Even so, grief does not have to derail your career.
If you face up to those feelings, work with them and adjust the
components of your job, you can come out on the other side.
That is the message of Rebecca Soffer, co-founder (with Gabrielle
Birkner) of the Modern Loss community (modernloss.com) and author of the
new book “The Modern Loss Handbook: An Interactive Guide to Moving
Through Grief and Building Your Resilience."

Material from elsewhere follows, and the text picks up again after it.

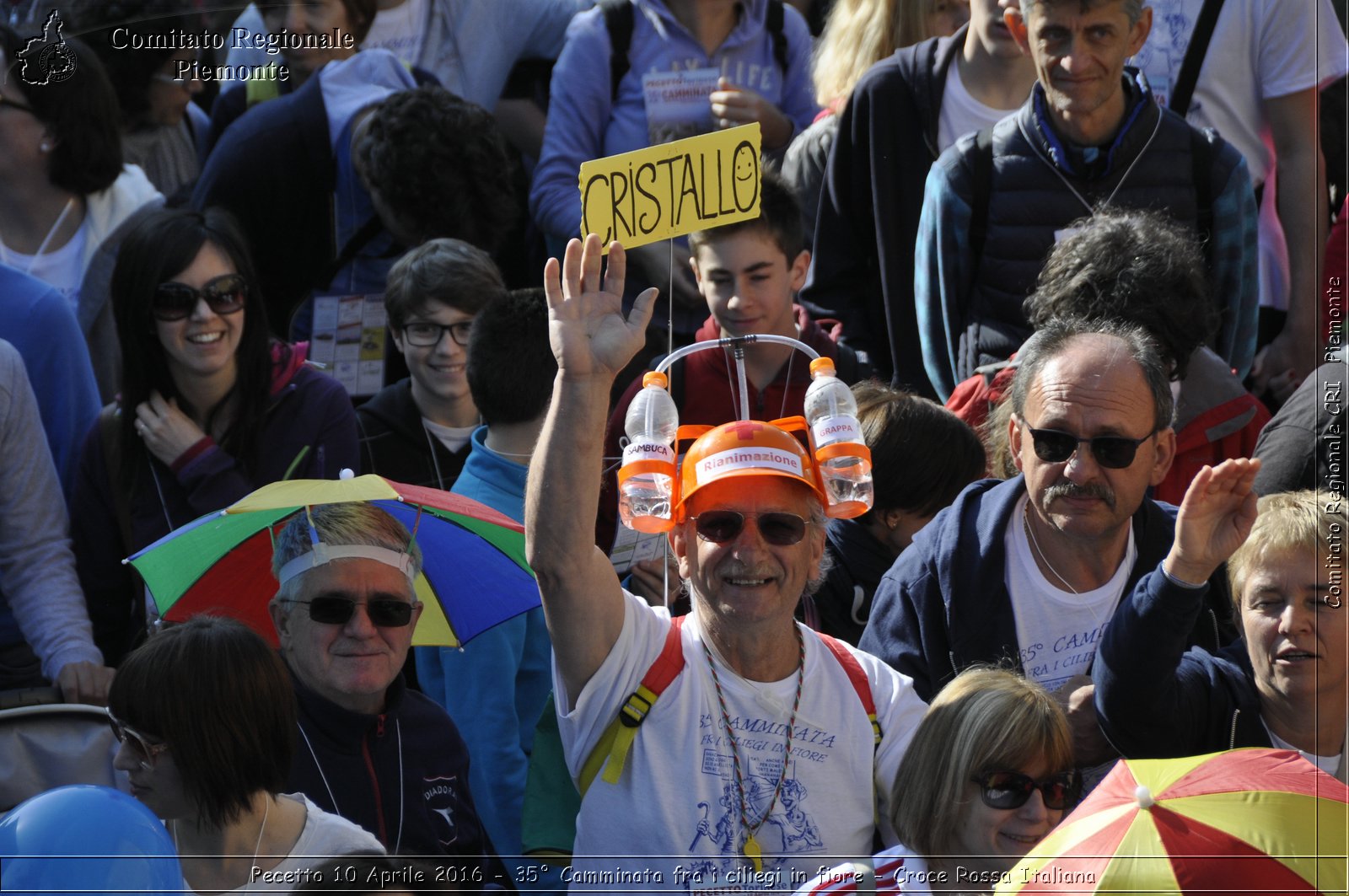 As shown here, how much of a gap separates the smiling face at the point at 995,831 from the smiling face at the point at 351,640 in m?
1.30

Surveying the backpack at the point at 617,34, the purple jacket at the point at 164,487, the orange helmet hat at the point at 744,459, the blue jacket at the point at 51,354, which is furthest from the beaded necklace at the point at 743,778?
the backpack at the point at 617,34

“The whole point of the book is to help you stay connected to the person
you’ve lost, to yourself, and to the world around you,” says Soffer, who
helped start the Modern Loss community after losing both parents. “I
wanted to go deep into what it feels like when you go back to work, and
to continue in your career, while also taking care of yourself at the
same time.”
While there is no national policy regarding bereavement leave,
corporations do seem to be getting better at understanding the subject
of grief, mainly because they have no choice after the last couple of
years.
And from an individual standpoint, there are strategies you can employ
to help you survive in the office, and navigate your post-loss world.
A few ideas from Soffer:
ADJUST HOW AND WHEN YOU WORK
If there is anything certain about grief, it is that it is
unpredictable. Waves might come at different times, making it impossible
to be clear-headed or productive during working hours.
As a result, you (and hopefully your boss) should be flexible about how
you structure your day and get work done. Maybe you find you work better
early in the morning, or late at night. Take frequent breaks, and
actively build them into your schedule.
The good news: “I do think more companies are being much more flexible
right now,” Soffer says. “They had to, because when everyone started
working from home, they had to accept non-traditional situations.”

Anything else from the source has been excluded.